Sunday, October 13, 2013


Look.  It's the Milky Way.  Kind of puts things into perspective, doesn't it?
      It reminds me of the end of T.H.White's THE ONCE AND FUTURE KING, first published in 1939, on the very eve of the Great War.  Some of my favorite words in all of literature since I was 14 or so, describing the quiet death of King Arthur in his tent in the midst of a fierce battle:
     He saw the problem before him as plain as a map. The fantastic thing about war was that it was fought about nothing - literally nothing. Frontiers were imaginary lines. There was no visible line between Scotland and England, although Flodden and Bannockburn had been fought about it. It was geography which was the cause - political geography. It was nothing else. Nations did not need to have the same kind of civilization, nor the same kind of leader, any more than the puffins and the guillemots did. They could keep their own civilizations, like Esquimaux and Hottentots, if they would give each other freedom of trade and free passage and access to the world. Countries would have to become counties - but counties which could keep their own culture and local laws. The imaginary lines on the earth's surface only needed to be unimagined. The airborne birds skipped them by nature. How mad the frontiers had seemed to Lyo-lyok, and would to Man if he could learn to fly.

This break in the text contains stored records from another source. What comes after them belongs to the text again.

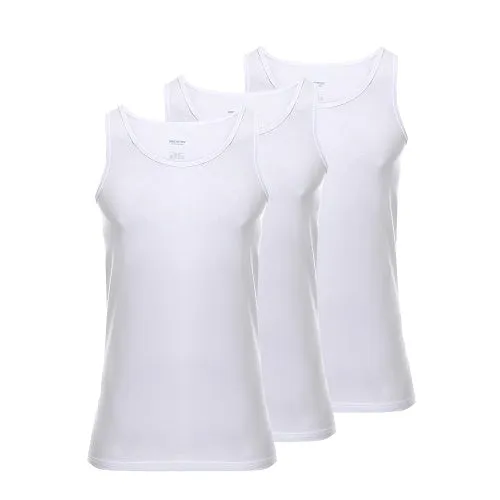 Men's Sleeveless Combed 3 Pcs - White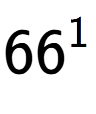 A LaTex expression showing 66 to the power of 1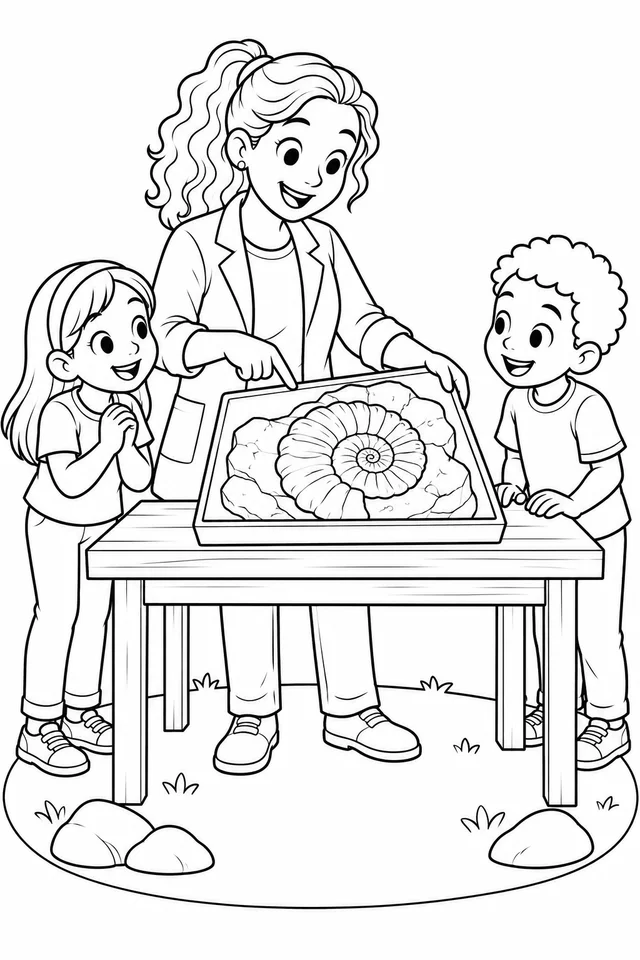 Professor mostrando um fóssil grande numa bandeja para colorir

     The old King felt refreshed, clear-headed, almost ready to begin again.
     There would be a day - there must be a day - when he would come back to Gramarye with a new Round Table which had no corners, just as the world had none - a table without boundaries between the nations who would sit to feast there. The hope of making it would lie in culture. If people could be persuaded to read and write, not just to eat and make love, there was still a chance that they might come to reason.
     But it was too late for another effort then. For that time it was his destiny to die, or, as some say, to be carried off to Avilion, where he could wait for better days. For that time it was Lancelot's fate and Guenever's to take the tonsure and the veil, while Mordred must be slain. The fate of this man or that man was less than a drop, although it was a sparkling one, in the great blue motion of the sunlit sea.
     The cannons of his adversary were thundering in the tattered morning when the Majesty of England drew himself up to met the future with a peaceful heart.